As the eldest boy got bigger, trips to the park were for his benefit rather than just my own. I was hugely grateful for the swings which were an essential distraction from teething pain when my boy was drooling and grumpy. And whilst I might not have appreciated it at the time, I was in control – he went on the swings because I put him on the swings, and he couldn’t get himself anywhere else.
STAGE 2: Park with toddler and babies
Now eldest boy could properly enjoy the park, and there was no time for me to enjoy the experience of coffee, cake and sobbing on friends’ shoulders while the new babies slept. There are no photos of them laid out on a mat with their friends. In fact, it took us at least a year to put any photos up of them in our house at all. Second/third siblings get a raw deal.

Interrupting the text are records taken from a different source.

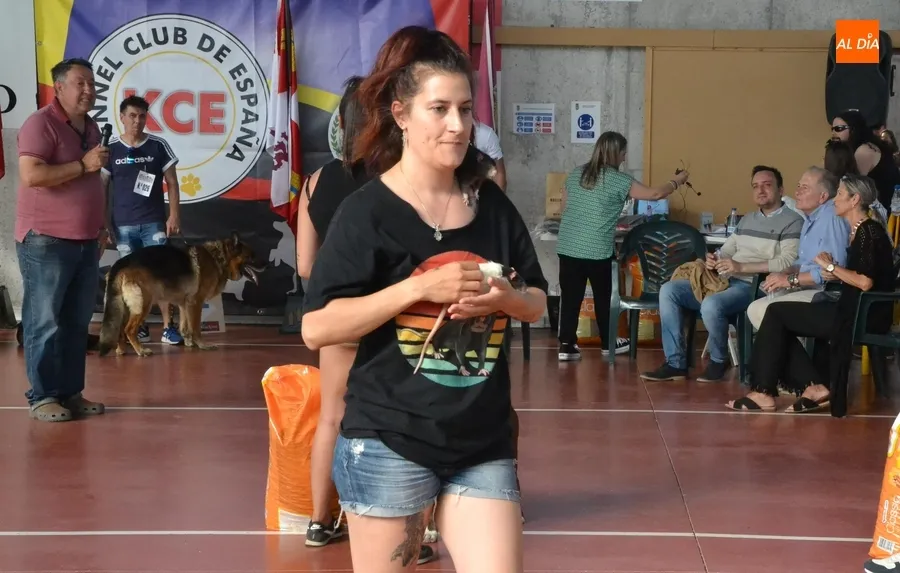 Foto 4 - M&aacute;s de una veintena de perros y dos ratas toman parte en el desfile del D&iacute;a de la Mascota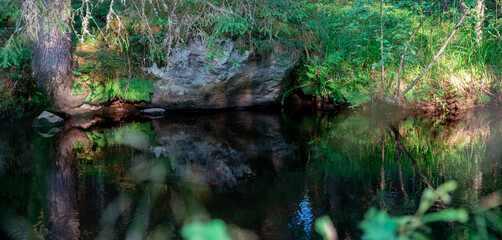 River in the forest with rocks and green foliage. Beautiful river in the forest. Landscape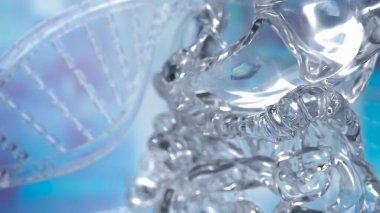 Sağlık veya tıbbi konsept için mide 3D Hazırlama.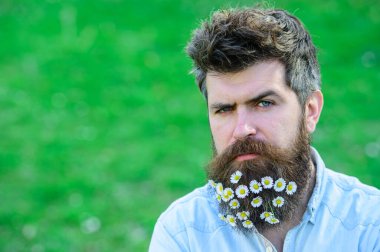 Katı yüzlü hippi, yeşil çim arka planı, fotokopi alanı. Sakallı ve bıyıklı adam baharın, yeşil çayır arka planının tadını çıkarıyor. Papatya ya da sakallı papatya çiçeği olan adam. Bahar tazeliği kavramı.
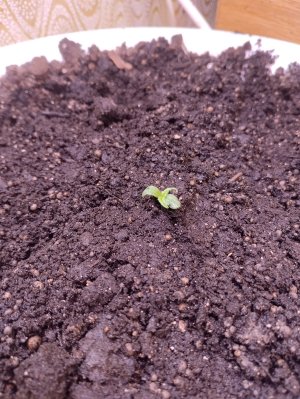 IMG_20250107_224756.jpg IMG_20250107_224756.jpg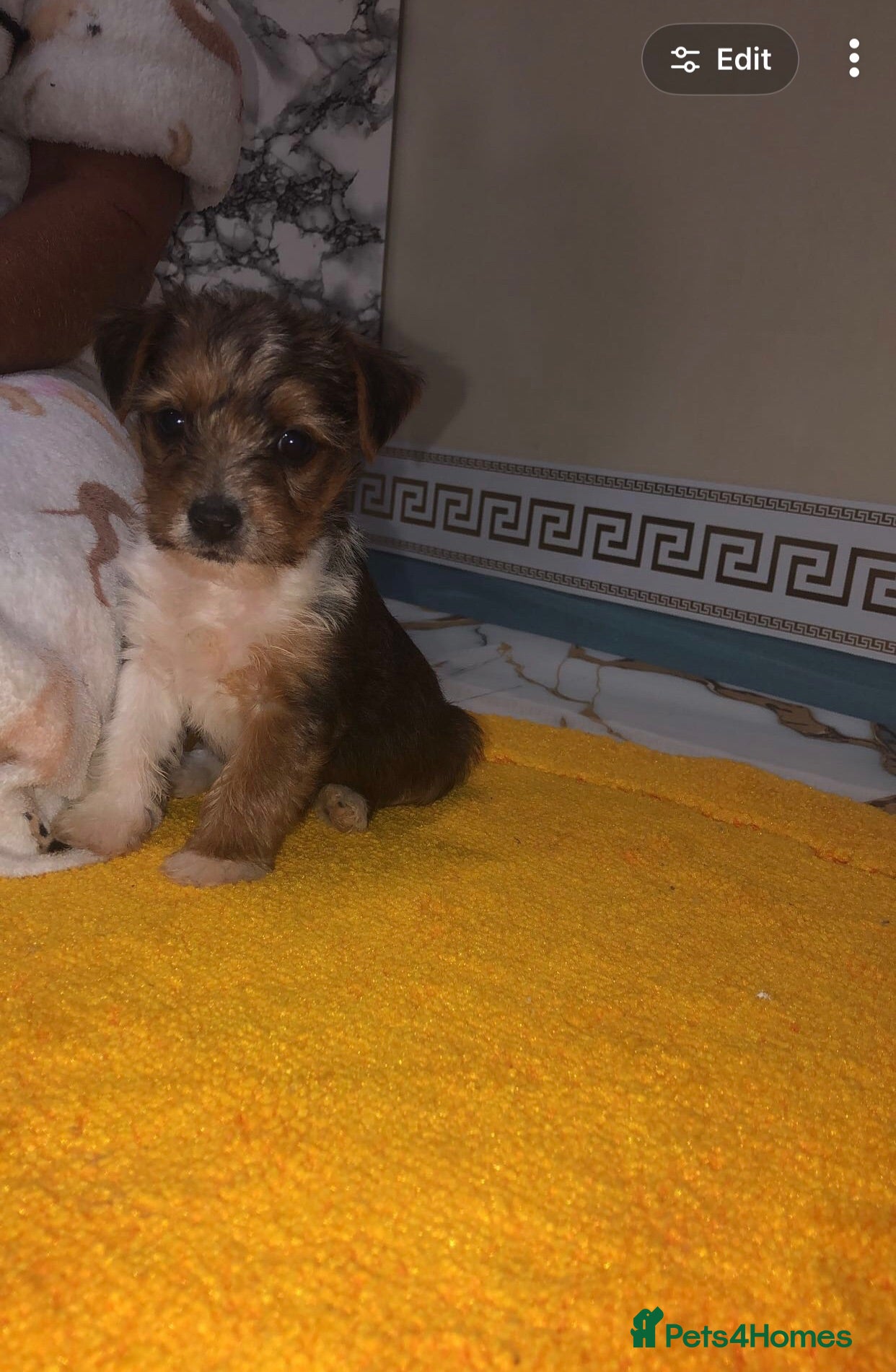 Mixed Breed dogs 2 beautiful girls  - Advert 1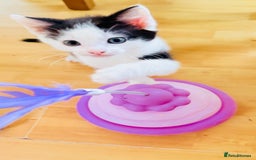Mixed Breed cats for sale: 5 Beautiful Black & White Kittens Available  - Image 5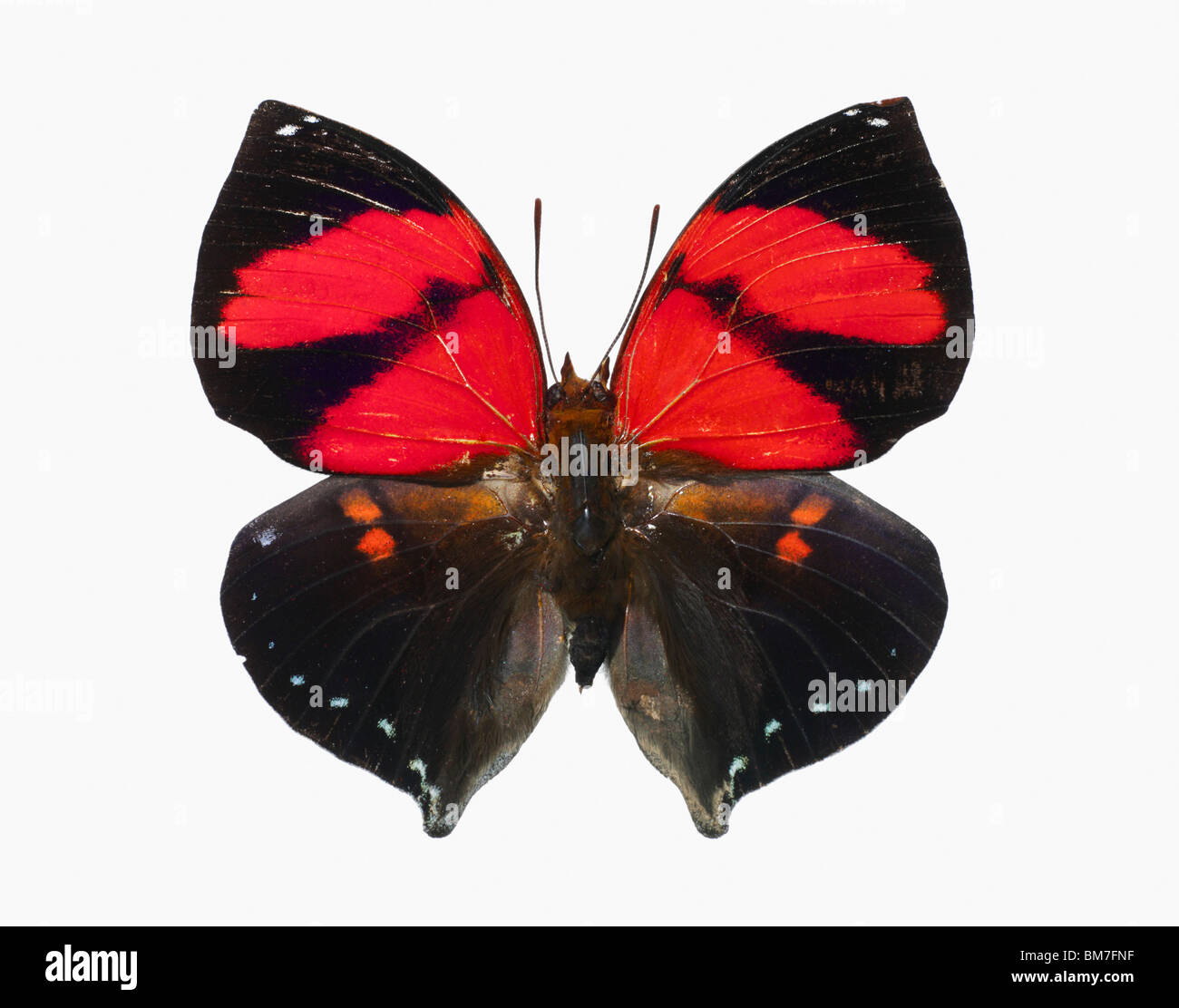Un papillon noir avec marquage rouge Banque D'Images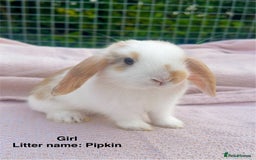 Mini Lop rabbits for sale: Mini lop bunnies  - Image 1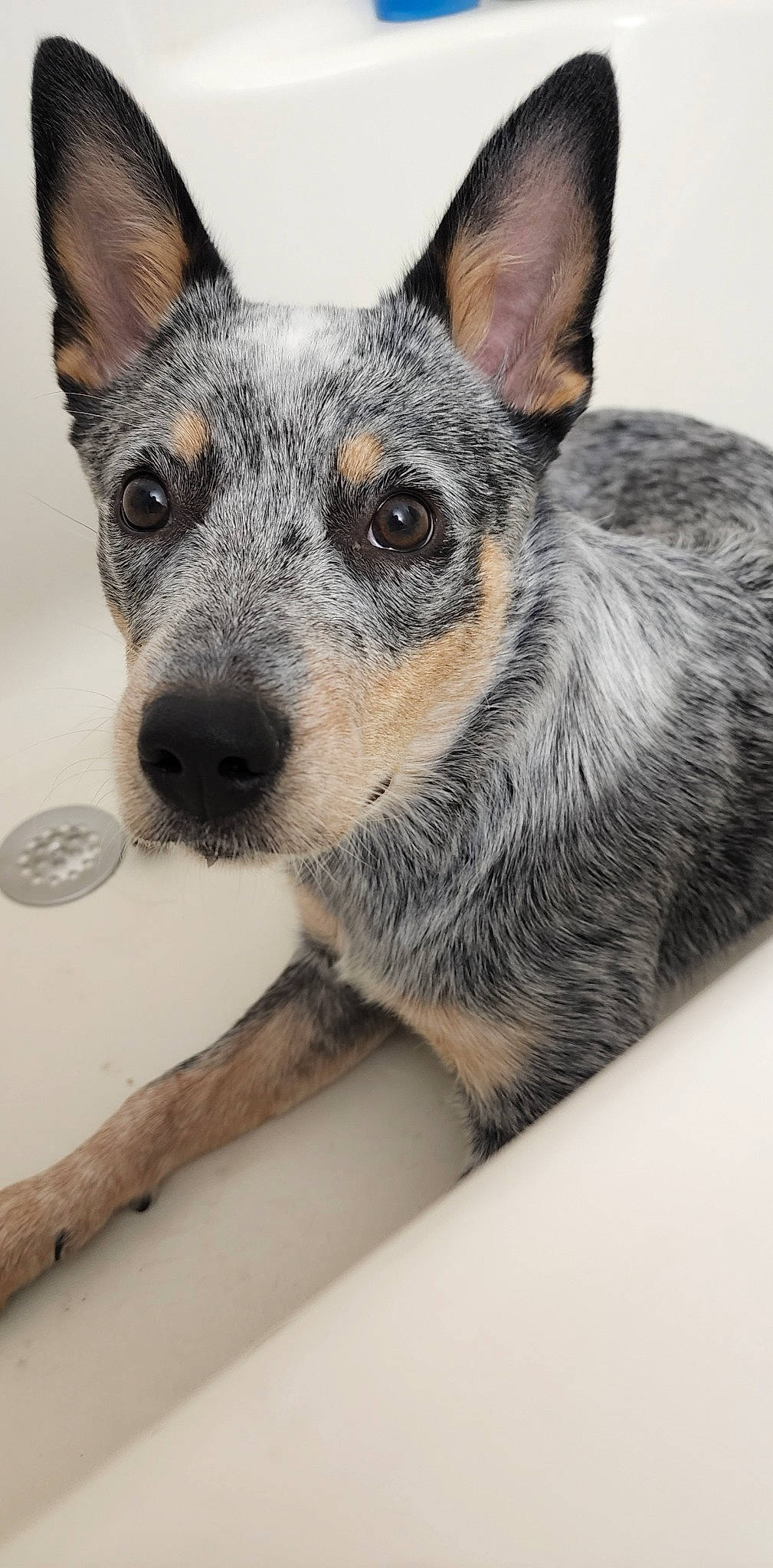 Scout joined the competition — help win amazing prizes! ancient_dog_breeds, australian_cattle_dog, balance, canidae, carnivore, collar, companion_dog, dog, dog_breed, ear, fur, grey, herding_dog, koolie, paw, sporting_group, terrestrial_animal, whiskers, working_animal, working_dog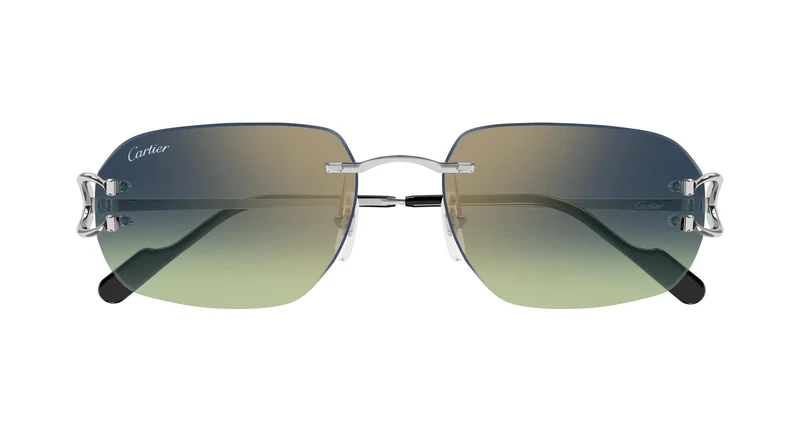 Cartier CT0468S 006 58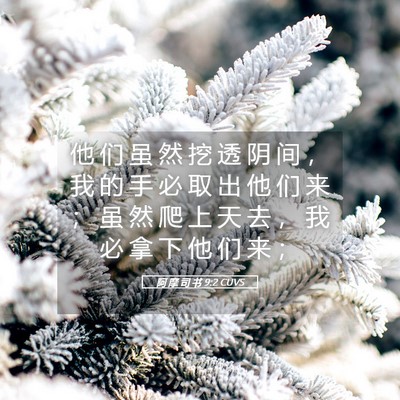 Picture 05 - 阿 摩 司 书 9:2 CUVS - 他 们 虽 然 挖 透 阴 间 ， 我 的 手 - Bible Verse Picture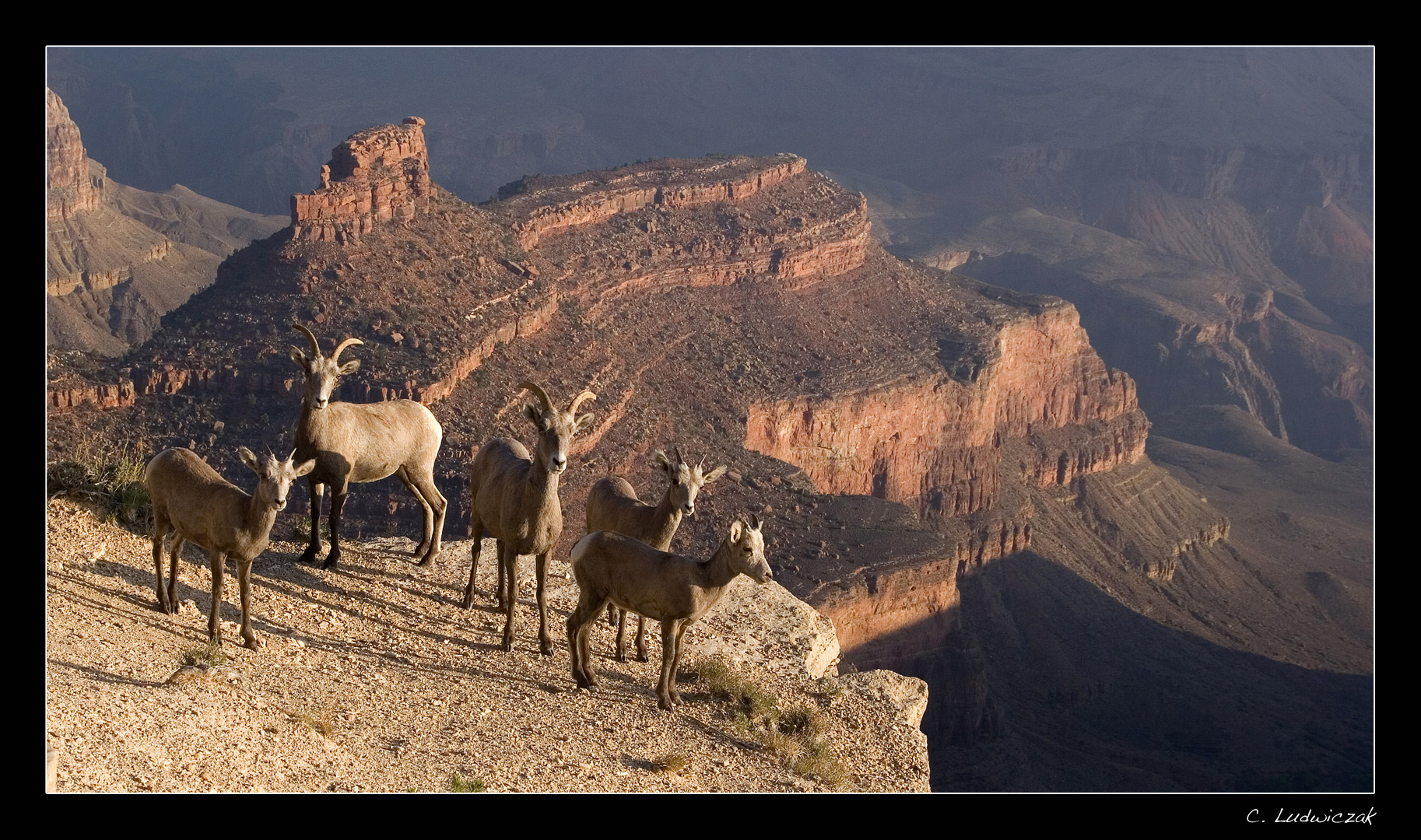 Sonnenbad am Grand Canyon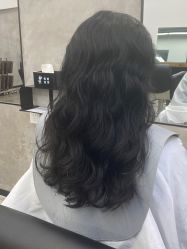 -蚂蚁造型俱乐部
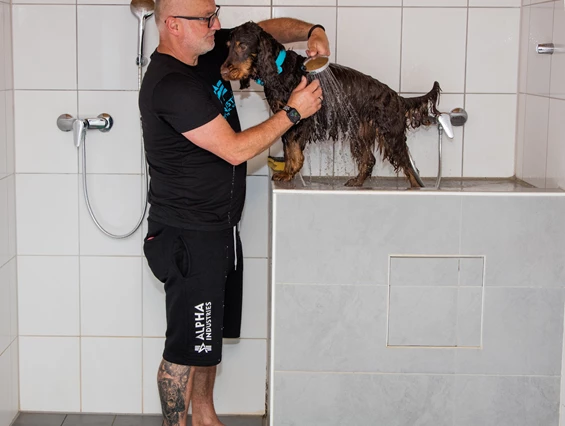 Urlaub-mit-Hund: Hundedusche - Seehotel Moldan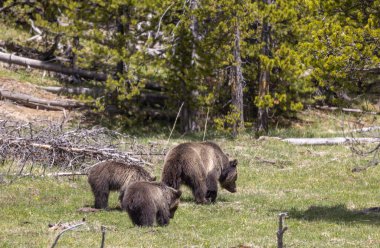 Baharda Yellowstone Ulusal Parkı 'nda bir boz ayı ve yavruları var.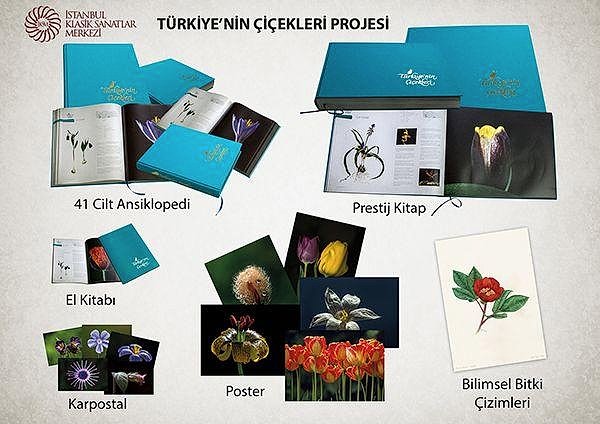 Türkiye'nin Çiçekleri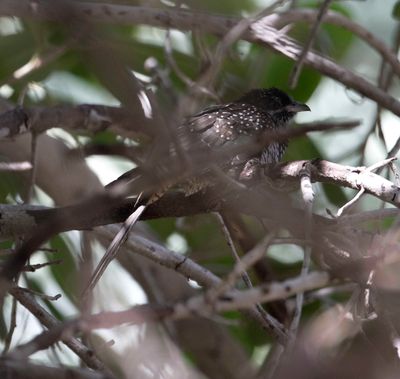 3. Asian Koel - Eudynamys scolopaceus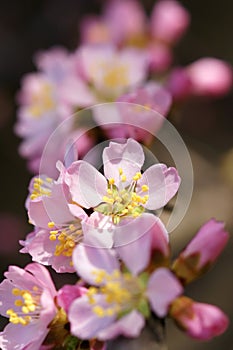 Mountain peach flower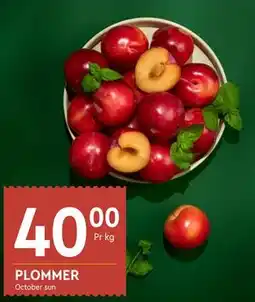 Coop Mega PLOMMER tilbud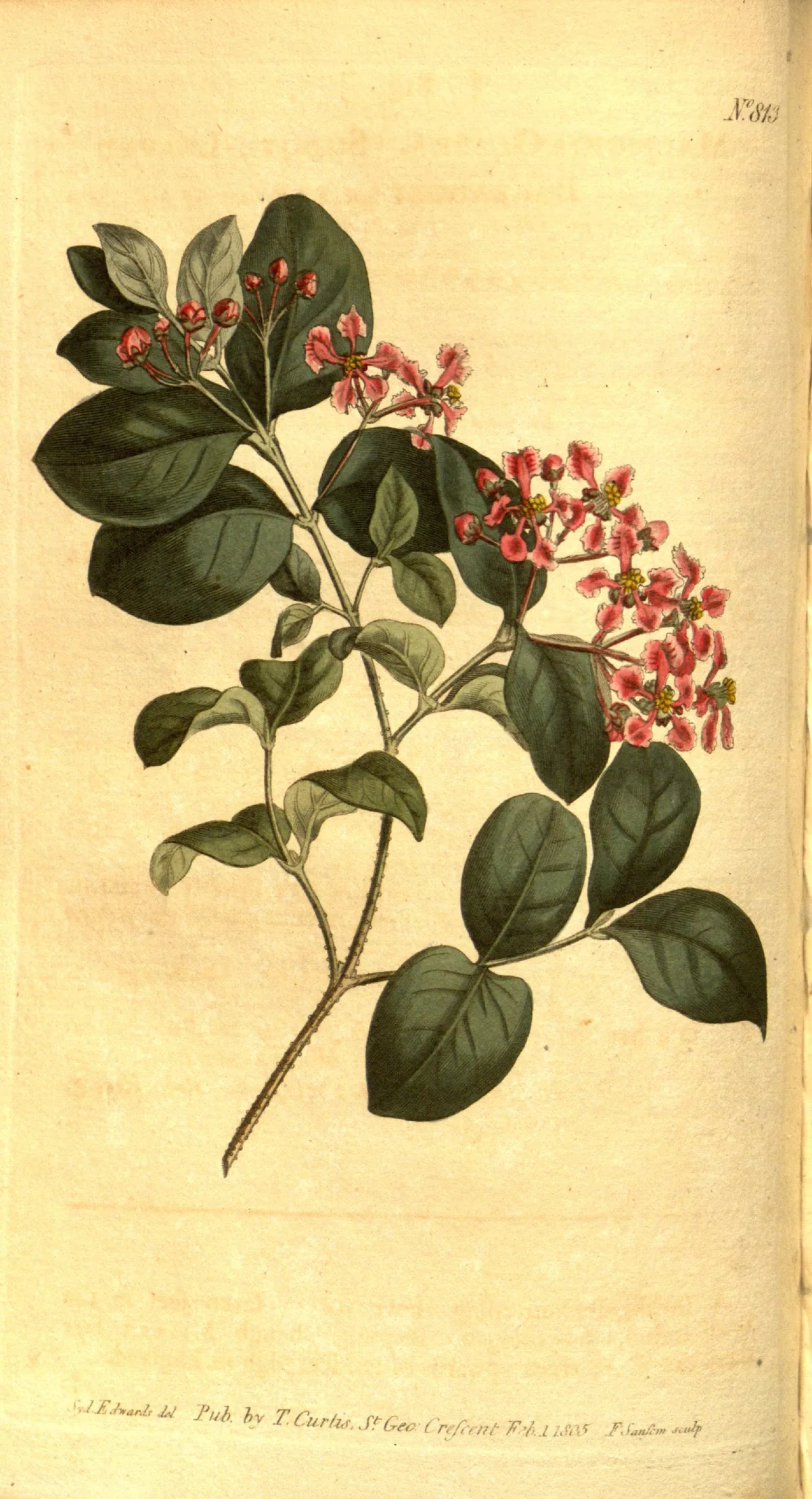 Acerola (Malpighia glabra), botanical illustration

When they started showing an interest in the swings, I did my best to ignore it for as long as possible – they could have some extra snacks and stay in that pushchair for a while longer. Pushing two swings whilst supervising a toddler just seemed like a step too far.
STAGE 3: Park with two 2 year olds and a 4 year old
For this, I need to have all my wits about me and be at peak physical fitness. First rule – the smaller the playground the better. All boys can run, at speed, to their piece of equipment of choice. I am frequently forced to make difficult decisions: who to save first – the boy who’s about to be flung off the roundabout, or the one who’s about to run in front of the swings? I just have to hope for the best with the third boy who’s about to launch himself onto the monkey bars.
Each boy requires constant input from me – I am doing circuits of the playground pushing swings, roundabouts and lifting boys onto fire engines.
I often feel the designers of park equipment are trying to keep us parents on our toes by deliberately designing hazardous equipment. We recently came across this climbing frame which starts off entirely suitable for toddlers – my 2 year olds competently climbed the ladder and made their way happily across the bridge, to find themselves then faced with a sheer drop on THREE sides. Seriously – WHO thought that was a good idea?
This innocent looking fire engine has been the cause of many tears and tantrums from my boys – in fact, the very thought of it used to put me off going to this particular playground all together. I have seen children pushing, shoving and climbing on each other in a bid to get to their dream seat. I have dragged inconsolable boys off it, explaining that they need to let someone else have a turn and threatening that we will never, ever return to this park if their behaviour continues. Why all the fuss? Because the driver’s seat has a little wooden steering wheel. A simple suggestion for the designers of such equipment – how about equipping each seat with a steering wheel? I know it’s not as realistic, but neither is a fire engine with scramble nets and a slide. Let’s face it, no toddler wants to sit in the passenger seat. And how about a couple more seats too? And where are the steps to help smaller children actually get up onto this in the first place so that I can go and rescue my other child who’s just been flung off the roundabout?
I am certain there is someone out there determined to make things even more difficult for parents than they are already. The same person who designed the playground gates which 2 year olds can open, adding ‘escaping child’ to your list of things to watch out for in the park.